December 31, 2013
31-Dec-2013 05:51, Brad Anderson пишет:
> On Sunday, 29 December 2013 at 22:02:57 UTC, Dmitry Olshansky wrote:
>> Proposal
>
> Having never written any parser I'm not really qualified to seriously
> give comments or review it but it all looks very nice to me.
>
> Speaking as just an end user of these things whenever I use ranges over
> files or from, say, std.net.curl the byLine/byChunk interface always
> feels terribly awkward to use which often leads to me just giving up and
> loading the entire file/resource into an array. It's the boundaries that
> I stumble over. byLine never fits when I want to extract something
> multiline but byChunk doesn't fit because I often if what I'm searching
> for lands on the boundary I'll miss it.

Exactly, the situation is simply not good enough. I can assure you that on the side of parser writers it's even less appealing.

>
> Being able to just do a matchAll() on a file, std.net.curl, etc. without
> sacrificing performance and memory would be such a massive gain for
> usability.

.. and performance ;)

>
> Just a simple example of where I couldn't figure out how to utilize
> either byLine or byChunk without adding some clunky homegrown buffering
> solution. This is code that scrapes website titles from the pages of
> URLs in IRC messages.
[snip]
>
> I really, really didn't want to use that std.net.curl.get().  It causes
> all sorts of problems if someone links to a huge resource.

*Nods*

> I just could
> not figure out how to utilize byLine (the title regex capture can be
> multiline) or byChunk cleanly. Code elegance (a lot of it due to Jakob
> Ovrum's help in IRC) was really a goal here as this is just a toy so I
> went with get() for the time being but it's always sad to sacrifice
> elegance for performance. I certainly didn't want to add some elaborate
> evergrowing buffer in the middle of this otherwise clean UFCS chain (and
> I'm not even sure how to incrementally regex search the growing buffer
> or if that's even possible).

I thought to provide something like that, incremental match that takes pieces of data slice by slice, having to mess with the not-yet-matched kind of object. But it was solving the wrong problem. And it shows that backtracking engines simply can't work like that, they would want to go back to the prior pieces.

>
> If I'm understanding your proposal correctly that get(url) could be
> replaced with a hypothetical std.net.curl "buffer range" and that could
> be passed directly to matchFirst. It would only take up, at most, the
> size of the buffer in memory (which could grow if the capture grows to
> be larger than the buffer) and wouldn't read the unneeded portion of the
> resource at all. That would be such a huge win for everyone so I'm very
> excited about this proposal. It addresses all of my current problems.

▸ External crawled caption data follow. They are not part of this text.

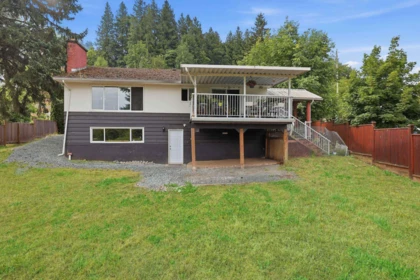 5825 Jinkerson Road, Chilliwack, BC, Chilliwack — Single Family Residence for sale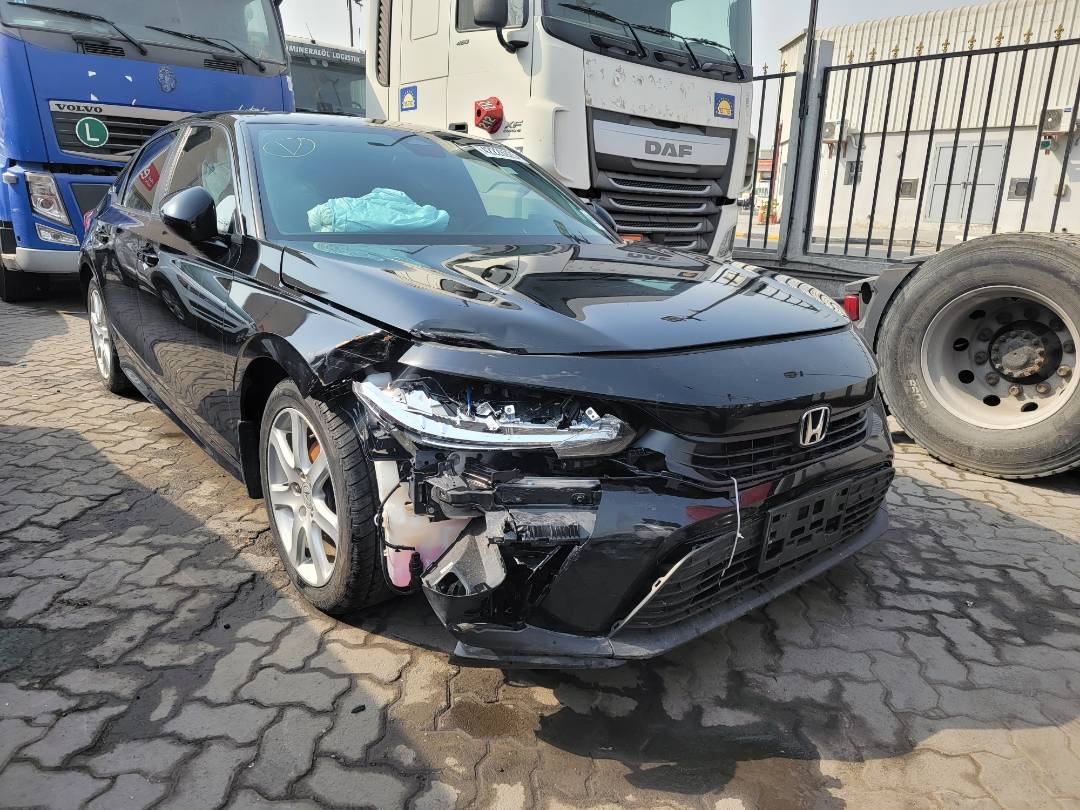 2022 HONDA CIVIC — 111048 KM — Lot 42228925 — Main - Marhaba Auctions Used Cars - Image 4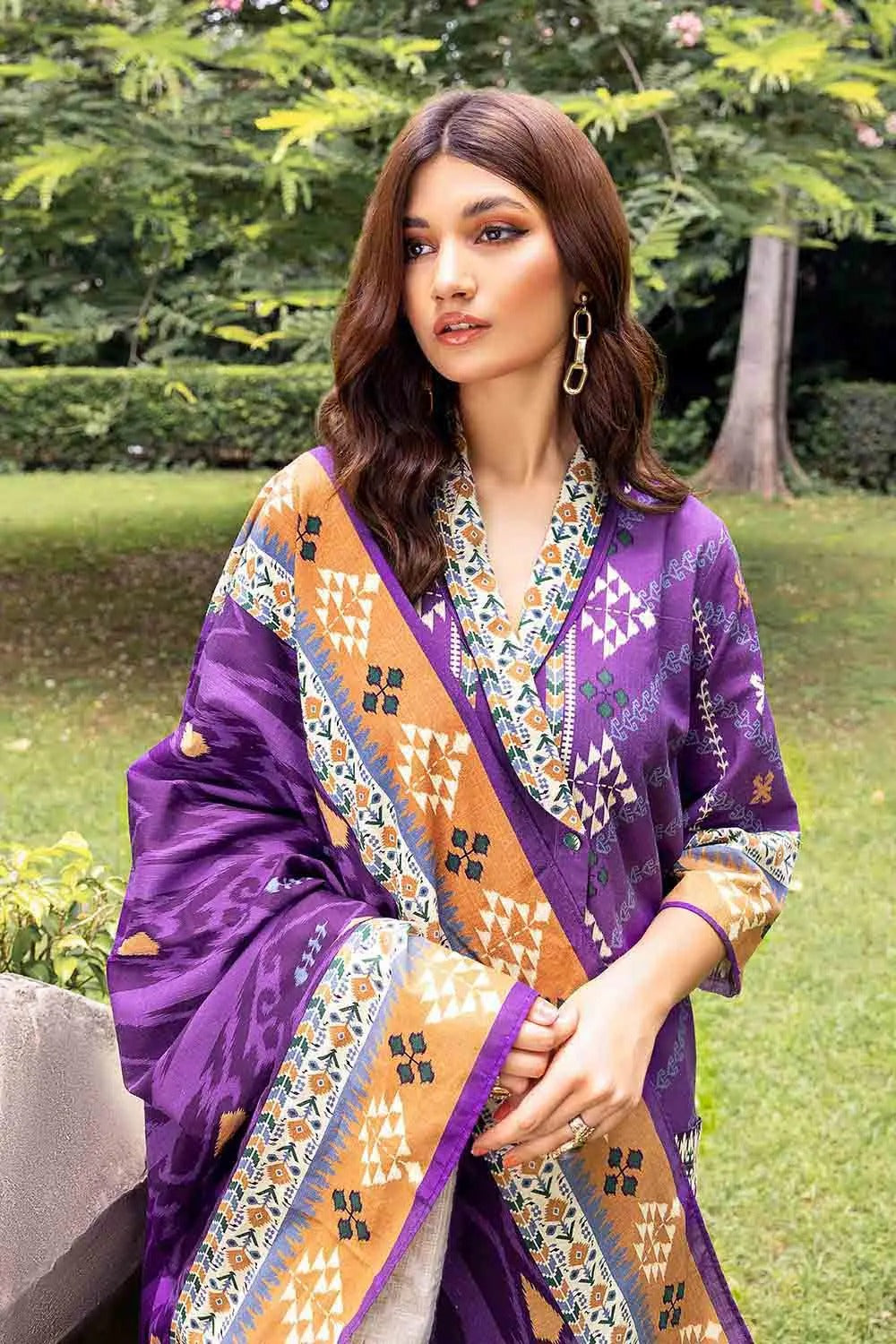 Gul Ahmed 3PC Khaddar Unstitched Printed Suit K-22057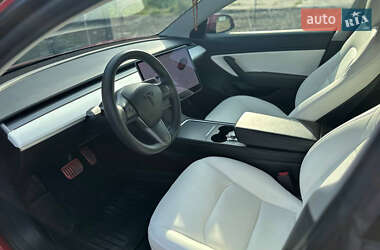Седан Tesla Model 3 2020 в 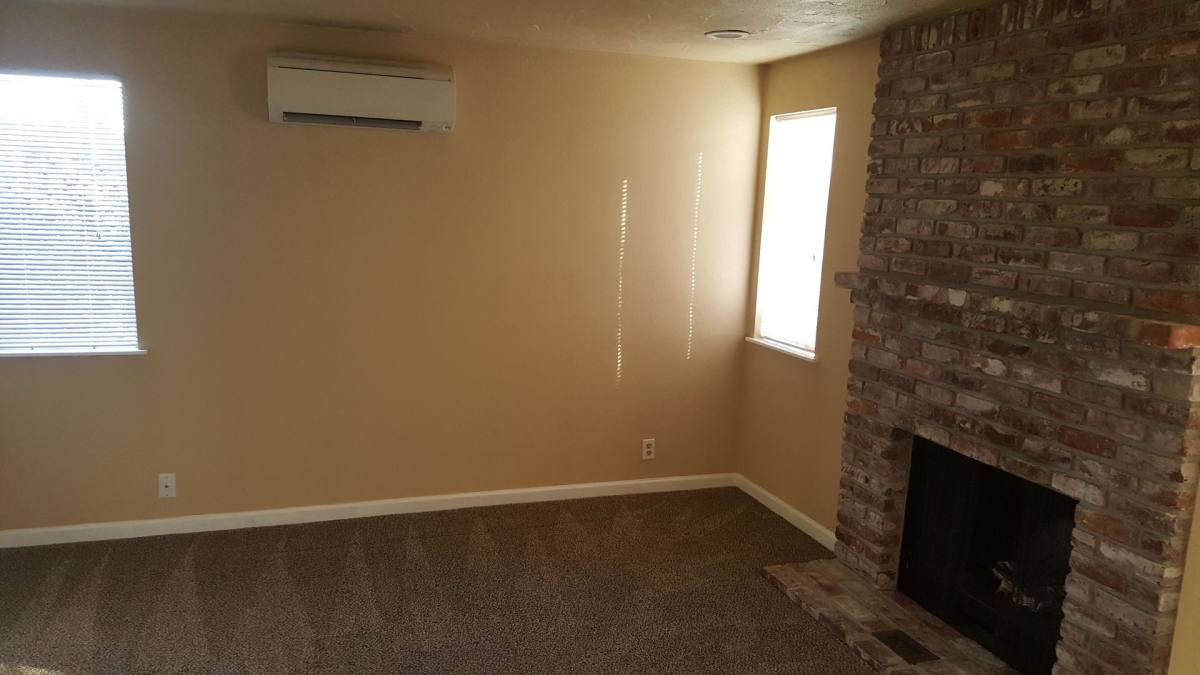 Apartment for rent at 1304 & 1342 Chambers St, Eugene, OR 97402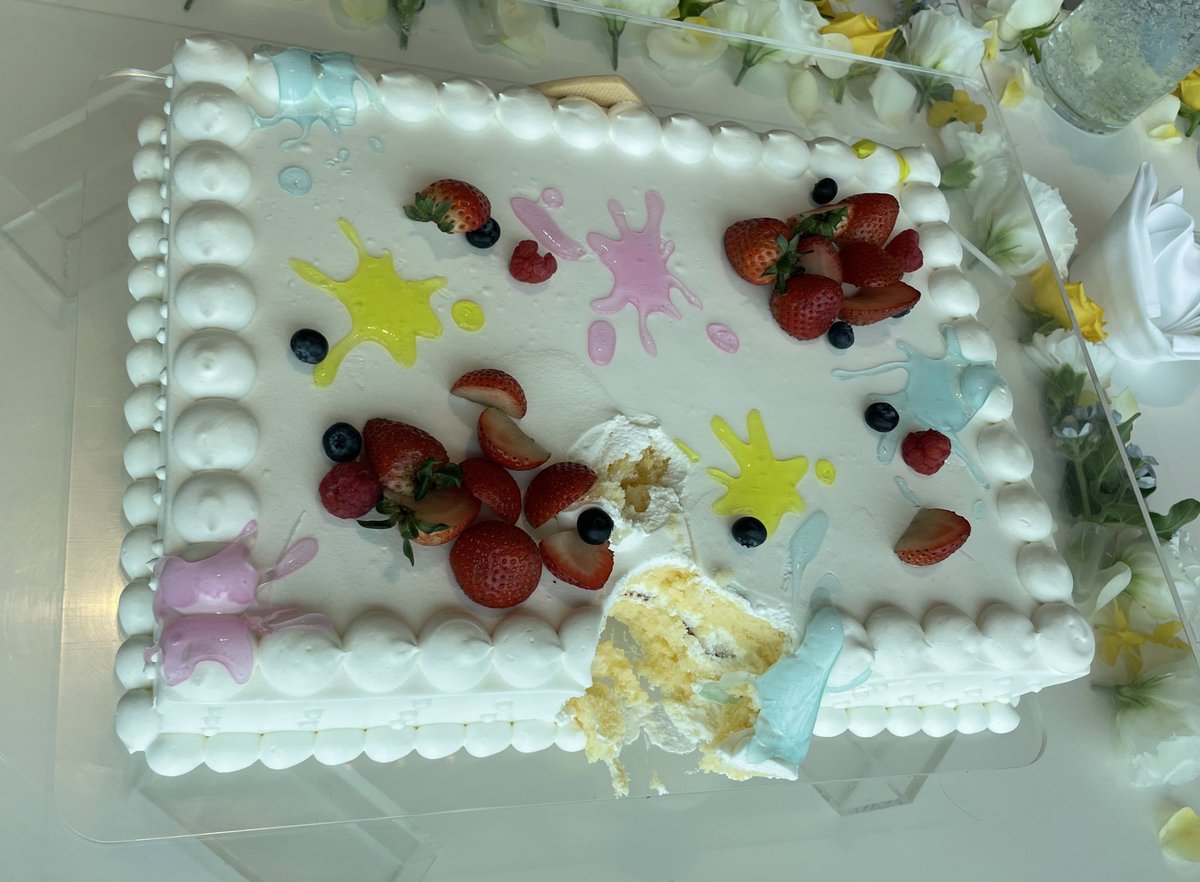 chi_co_07's tweet photo. ひつじちゃんの結婚式にお呼ばれしてきました！
ドレス姿が綺麗だった…😭
本当に素敵な式にお呼ばれ頂いて感謝❣️

素敵なピアスはHARUIro(@HARUIro_heart)さんの🥰

ps.ケーキ入刀の後にケーキ撮影タイムでよりスプラトゥーン味を増したケーキを撮影できました🤣🤣🤣 https://t.co/juEVluSGZn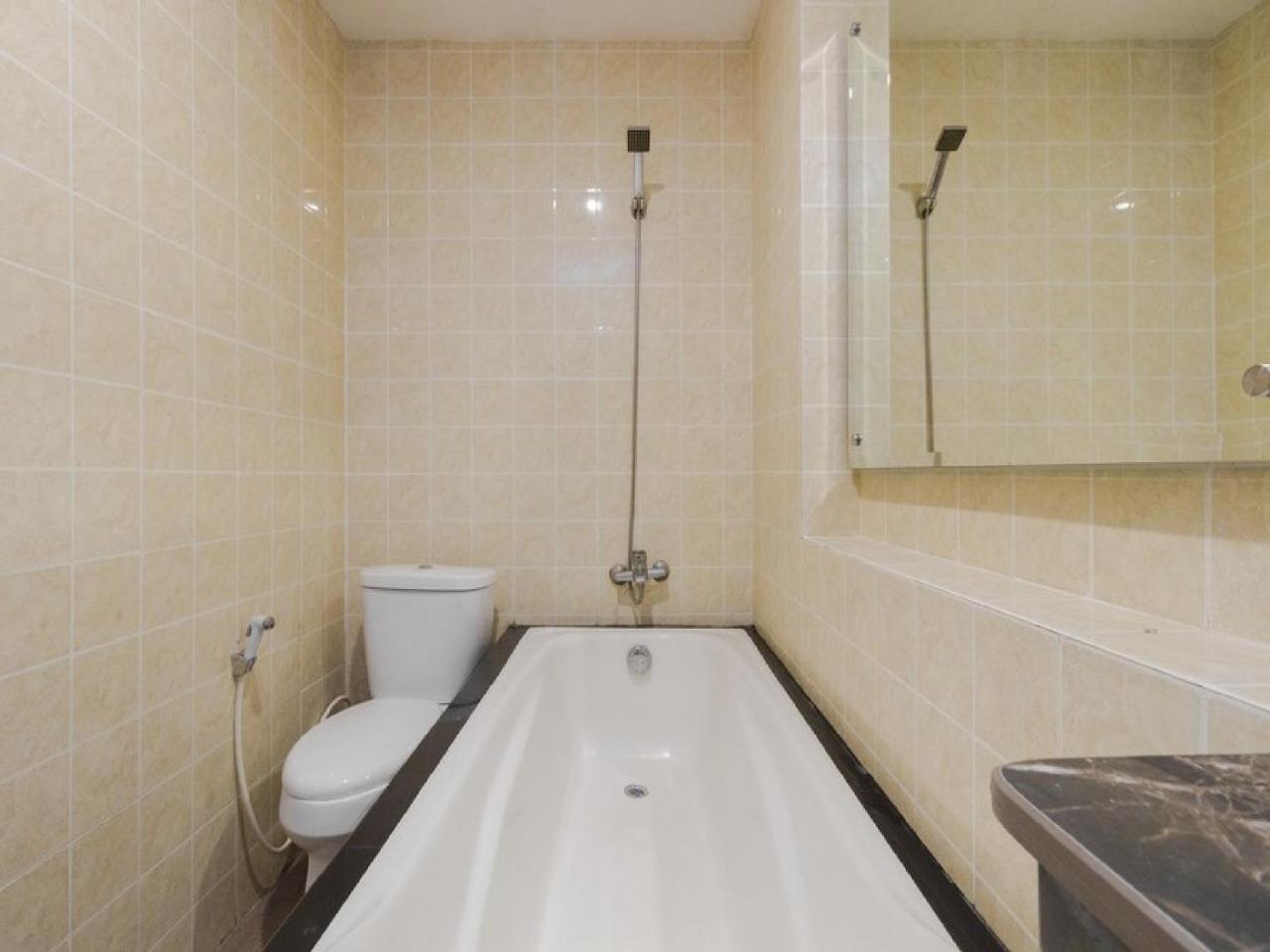 Reddoorz Plus @ Boulevard Panakkukang Makassar Exteriör bild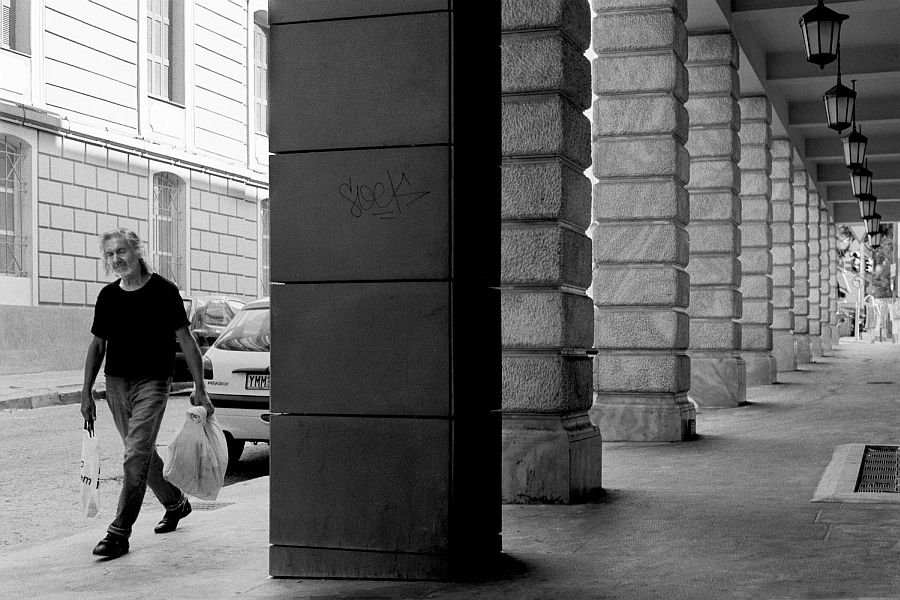 Summer in the city, του Γιάννη Οικονόμου-Εικόνες από την καυτή αυγουστιάτικη Αθήνα μες στο καταχείμωνο [εικόνες] | iefimerida.gr 1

That's indeed what the proposal is all about. Glad it makes sense :)

>
>
> P.S. I love std.regex more and more every day. It made that
> entitiesToUni function so easy to implement: http://dpaste.dzfl.pl/688f2e7d

Aye, replace with functor rox!

-- 
Dmitry Olshansky
December 31, 2013
On Tuesday, 31 December 2013 at 09:04:58 UTC, Dmitry Olshansky wrote:
> 31-Dec-2013 05:53, Joseph Cassman пишет:
>> On Sunday, 29 December 2013 at 22:02:57 UTC, Dmitry Olshansky wrote:
>
> I'm thinking there might be a way to bridge the new range type with ForwardRange but not directly as defined at the moment.
>
> A possibility I consider is to separate a Buffer object (not a range), and let it be shared among views - light-weight buffer-ranges. Then if we imagine that these light-weight buffer-ranges are working as marks (i.e. they pin down the buffer) in the current proposal then they could be forward ranges.
>
> I need to think on this, as the ability to integrate well with forwardish algorithms would be a great improvement.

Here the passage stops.